By Jane Bertin, Journalist specialized in animal welfare. Updated: June 14, 2017
Native Animals of Utah: Wildlife and Habitat

Utah is a big but not very populated state in the western United States. Most of its 3 million inhabitants live near the capital, Salt Lake City, but its variety in landscapes and fauna are stunning.

The geography of Utah is known for its diversity, as it is shaped by the Rocky Mountains, the arid Great Basin and the desert of the Colorado Plateau. There are forests and rivers, canyons and sandstone formations. Consequently, the wildlife and habitat of Utah are fascinating and diverse.

The native animals of Utah are just as varied, ranging from dangerous snakes to black bears; stay with us at AnimalWised and learn more about them!

What is the state of Utah like?

Utah is usually divided into three basic geographical regions, which have different climates and ecosystems, and consequently different native animals as well.

  • Rocky Mountains: The Rockies are a very long range that crosses the western United States vertically, from New Mexico to Canada. Between the western edge of the Rocky Mountains and the eastern edge of the Great Basin lies the Wasatch Range, the mountains that mark the border between Utah and Idaho. The valleys near Wasatch are the most populated areas of in the state. Another subrange of the Rockies are the Uinta Mountains, where we can find the highest point in Utah, Kings Peak.
  • Colorado Plateau: A plateau is high, flat land. The Colorado Plateau - famous for the Grand Canyon - extends to the South of Utah, and it has both high deserts and some forests. There are many notable national parks in this area, all of them worth a visit.
  • Great Basin: This basin and range region lies to the North West of Utah. It's made up of sinks and depressions stretched between mountains. It has salt beds and lakes: The most famous, of course, is the Great Salt Lake. Its particular, very varied geography means that the Great Basin has both different deserts and forests.
Native Animals of Utah: Wildlife and Habitat - What is the state of Utah like?

Mule deer

The mule deer, or Odocoileus hemionus, inhabits the western side of the United States. There are different subspecies, of which the Rocky Mountain mule deer (Odocoileus hemoinus hemionus) is native to Utah. Although they are not threatened species, there are ongoing projects to restore and preserve their habitat in Utah, as their population is declining.

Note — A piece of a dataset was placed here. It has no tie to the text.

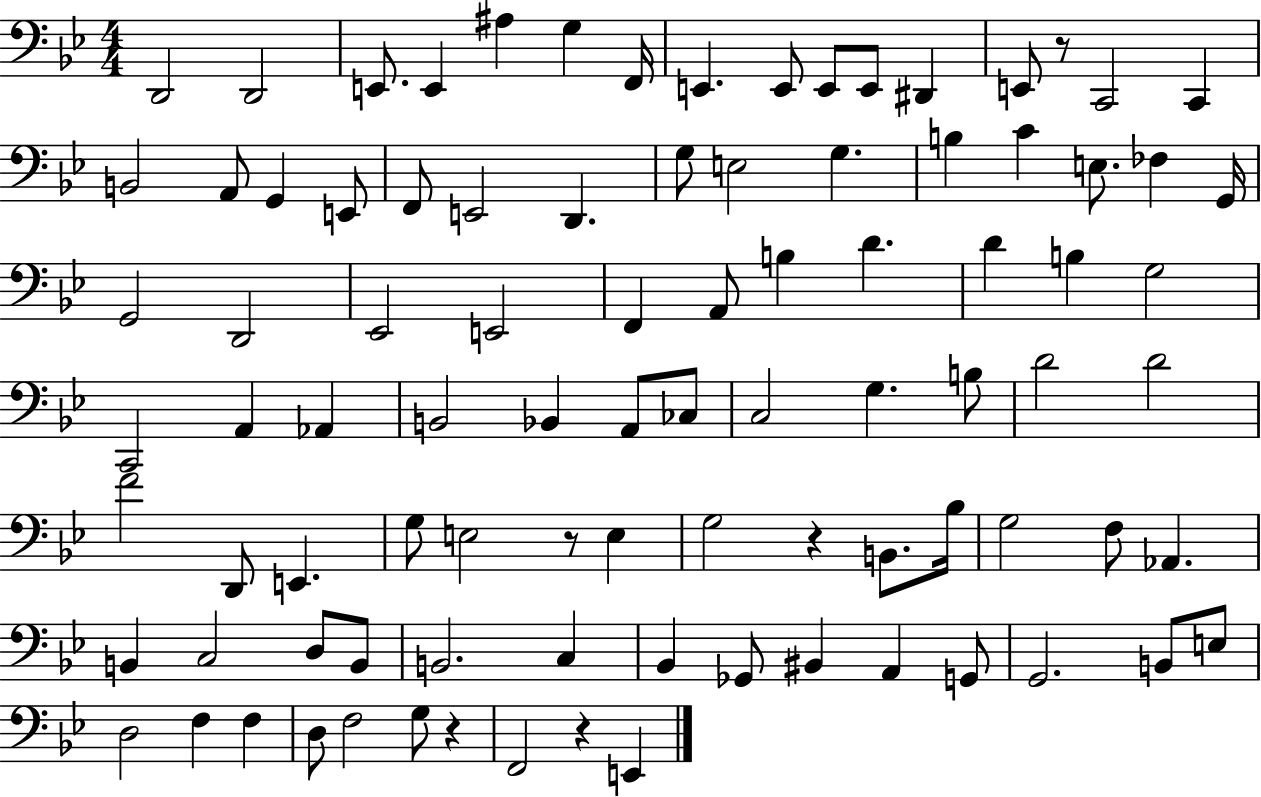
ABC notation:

Mule deer live in groups or herds, although only the mother cares for the fawns, which are born in the spring. They are herbivorous animals, mostly browsing shrubs and trees to eat.

They are larger than white-tailed deer but smaller than red deer, reaching 106 cm (42 inches) tall, although females are smaller. They can be recognized by their black-tipped tail and bifurcated antlers in the case bucks, which they shed in late winter.

Just like gazelles and young sheep, mule deer are capable of stotting, that is, jumping in the air with the four legs at once.

Native Animals of Utah: Wildlife and Habitat - Mule deer

Gila monster

The Gila monster (Heloderma suspectum) is a very interesting reptile that is native to Utah. Its name comes not only from its huge size, as it's the largest North American lizard at 55 cm (22 inches) long, but also because it's venomous.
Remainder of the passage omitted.